I described Battle Front as “This book is about 5-10% crazy goofy, and about 90-95% dull tedium.” In short, this is applicable to the entire series, particularly the last two books. These involve more pedestrian hunt-the-MacGuffin plots with small unit heroes that serve as a perfect example of “Captain Beefheart Playing Normal Music Syndrome”. The most bizarre part is a general personally leading this formation, and it has all of Slater’s numerous writing weaknesses without the appealing strengths. If it consisted of two books with action somewhat below the Marine Force One line, I’d have barely given them a second thought.
But the series is more than that.
At its best, you have ferocious fights between the federal army and militia in technicals with add on “reactive armor” (Slater is, to put it mildly, not the best with terminology). You have Abrams’ deploying from C-130s. And of course, you have preternaturally well-organized and numerous militia romping through the country. To try and make them viable, Slater turns every federal commander and soldier who isn’t Mary Sue Douglas Freeman into hopeless bumblers. It’s still badly written in actual practice save for some bizarre prose turns Slater uses, but the novelty is still something.
There’s two more distinctive elements. The first is the politics. Now, normally you’d expect a book about a second American civil war to be monstrously political.
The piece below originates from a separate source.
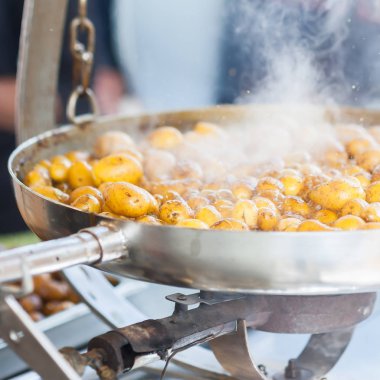 Yeni patates kızarmış İtalyan reçete ile bir tavada: patates salent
This, surprisingly isn’t. Or at least it feels oddly detached, coming from an Australian-Canadian having to look across the border through a distorted, second-hand lens.
The second is a complaint I’ve heard a lot about Slater’s World War III series, and which I saw firsthand here-he has absolutely no concept of continuity. There are references to the Third World War, references to the Gulf War, jumping references to real events that happened before the book in question got published, contradictory historical references, and no real sense of overall progression. The series ends on a strange half-conclusion, with the out-of-universe reason for its stoppage obviously clear from its publication date of December 2001.
This series occasionally can be an interesting curiosity, but it’s a mere curiosity without much substance.